DETAILED ACTION
Status of Claims
This action is in reply to the communication filed on 12/31/2025.
Claims 1-3, 5-11, 13-19 and 21-23 are currently pending and have been examined.
Notice of Pre-AIA or AIA Status
The present application, filed on or after March 16, 2013, is being examined under the first inventor to file provisions of the AIA .
Continued Examination Under 37 CFR 1.114
A request for continued examination under 37 CFR 1.114, including the fee set forth in 37 CFR 1.17(e), was filed in this application after final rejection. Since this application is eligible for continued examination under 37 CFR 1.114, and the fee set forth in 37 CFR 1.17(e) has been timely paid, the finality of the previous Office action has been withdrawn pursuant to 37 CFR 1.114. Applicant's submission filed on 12/31/2025 has been entered.
Response to Arguments
Applicant’s arguments filed 12/04/2025 (entered 12/31/2025) with respect to the rejections under 35 USC § 103 have been considered but are not persuasive.
On pg. 15 of the Remarks, Applicant essentially argues:
"the Final Office Action cites paragraph 175 of the specification, which provides that "a larger cross-node quantity indicates a larger occupied bandwidth." However, in the cited paragraph the larger cross-node quantity indicates a larger occupied bandwidth, but is not the larger occupied bandwidth itself:
"For example, a smoothed value of the bandwidth used in real time by the existing job on a network link may be monitored by using a monitoring system, and is denoted as B. A current node is scored on this basis, score= 1 + 1/(B+1), a larger cross-node quantity indicates a larger occupied bandwidth and a lower score, and a new job should be prevented from being placed on the node." Specification, 0175
As shown, the larger cross-node quantity merely indicates a larger occupied bandwidth.

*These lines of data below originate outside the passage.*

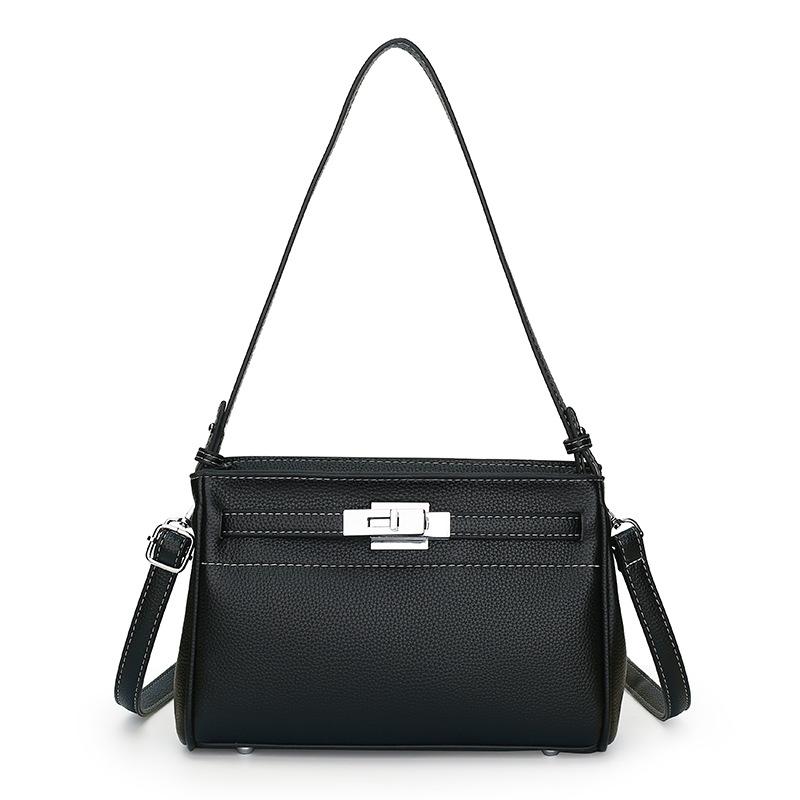 Women's Bag Shoulder Bag Women's New Fashionable and Simple Commuter Armpit Bag Can Cross the Small Square Bag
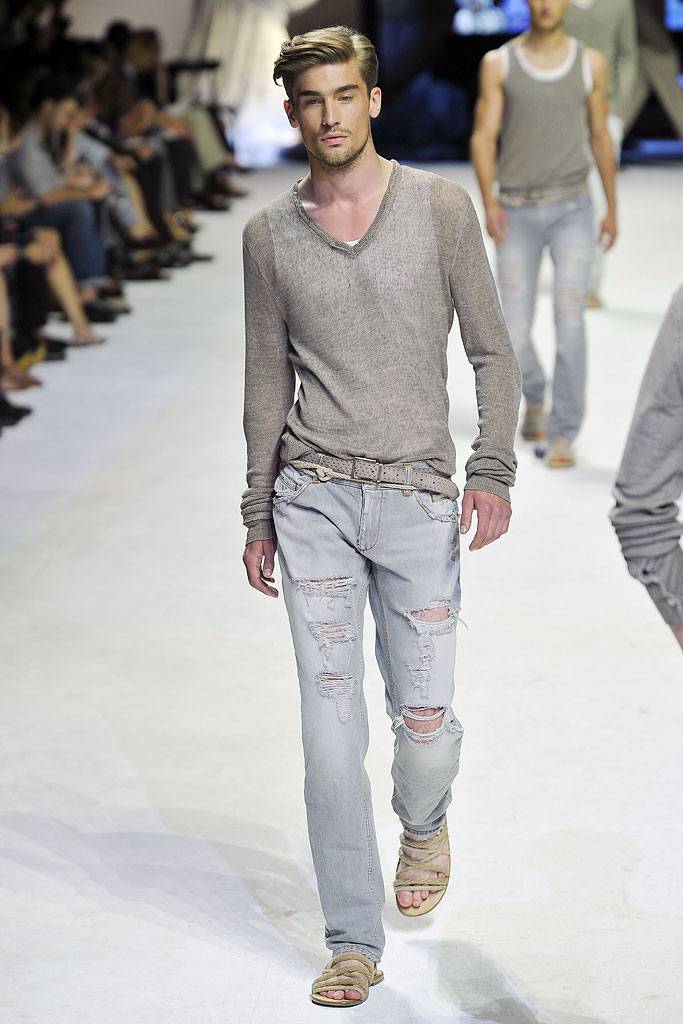 DOLCE & GABBANA SPRING SUMMER 2011 RUNWAY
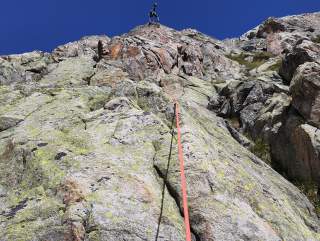 Kletterin an Felswand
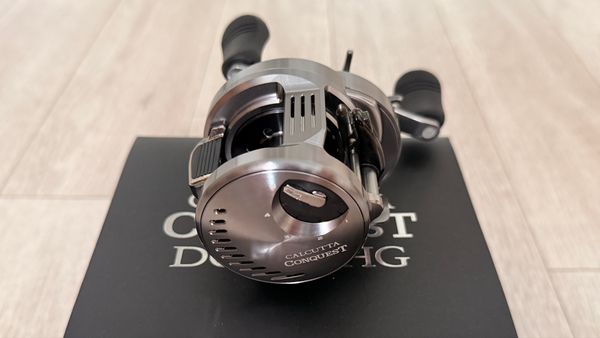 Máy câu SHIMANO CONQUEST DC 201 HG LEFT 2020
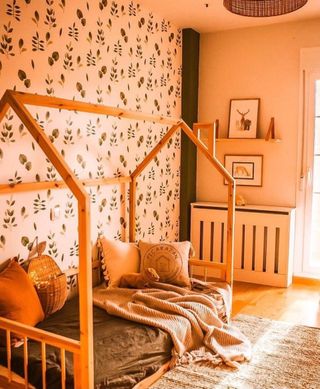 Cama infantil de madera.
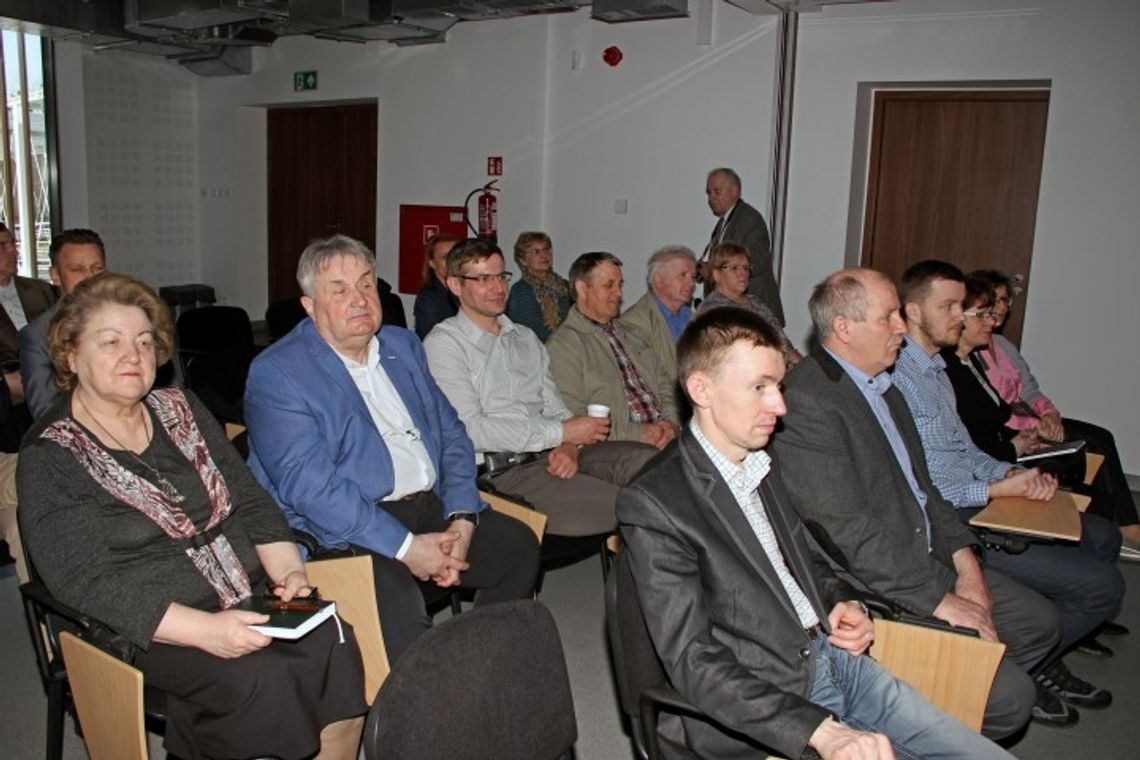 Opóźnienia w dopłatach bezpośrednich Opóźnienia w dopłatach bezpośrednich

However, the larger cross-node quantity is not the larger occupied bandwidth itself Likewise, the larger cross-node quantity also indicates a lower score. Indication is not the same as equivalency...elsewhere the specification indicates the term "cross-node quantity" refers to an actual frequency of data exchange between nodes. See, e.g., Specification,170. In contrast, bandwidth refers to a possible maximum rate of data transfer [wikipedia Bandwidth(computing) link] In short, the cross-node quantity refers to an actual frequency, while bandwidth refers to a possible rate. For those reasons, Wang's residual bandwidth cannot be equated to the claimed cross-node quantity."
Examiner respectfully disagrees the highlighted language precludes the interpretation and mapping to Wang provided in the 103 rejections. As can be seen in the AppSpec ¶0175 quote, the variable 'B', i.e. “bandwidth used by the existing job”, is explicitly used as the operative variable in the scoring formula and thus acts as the “cross node quantity”.
Applicant's bandwidth (BW) definition is what Wang refers to as a server's 'link capacity'/'total bandwidth'; however, a server's used/residual (Capacity - used)1 BW represents the amount of data transferred across the link, e.g. if a server’s residual BW == 0 then its network link is completely saturated by network traffic. Accordingly, Examiner maintains used/residual BW is reasonably interpreted as a metric for measuring ‘frequency of data exchange between nodes’ and its mapping to “cross-node quantity” in the rejection(s) is consistent with the description in AppSpec.
If Applicant intends for the term “cross-node quantity” to require a particular metric other than bandwidth usage e.g. “quantity of other servers with which the server needs to exchange data” (¶0179); “quantity of network transmission connections” (¶0230-0231) then Examiner suggests amending the claims to recite the desired species.
On pg. 16 of the Remarks, Applicant essentially argues:
As shown, Wang's case III considers subtrees. Wang's case III does not consider an entire candidate node. In addition, case III estimates the residual bandwidth. As shown above, Wang's residual bandwidth cannot be equated to the claimed cross-node quantity. Furthermore, Wang's aggregate bandwidths are the bandwidths that are needed, not an actual frequency and therefore likewise cannot be equated to the claimed cross-node quantity. Thus, Wang fails to disclose that when the n tasks cannot all be placed in the candidate node, the larger cross-node quantity indicates the smaller network transmission performance score and the smaller cross- node quantity indicates the larger network transmission performance score.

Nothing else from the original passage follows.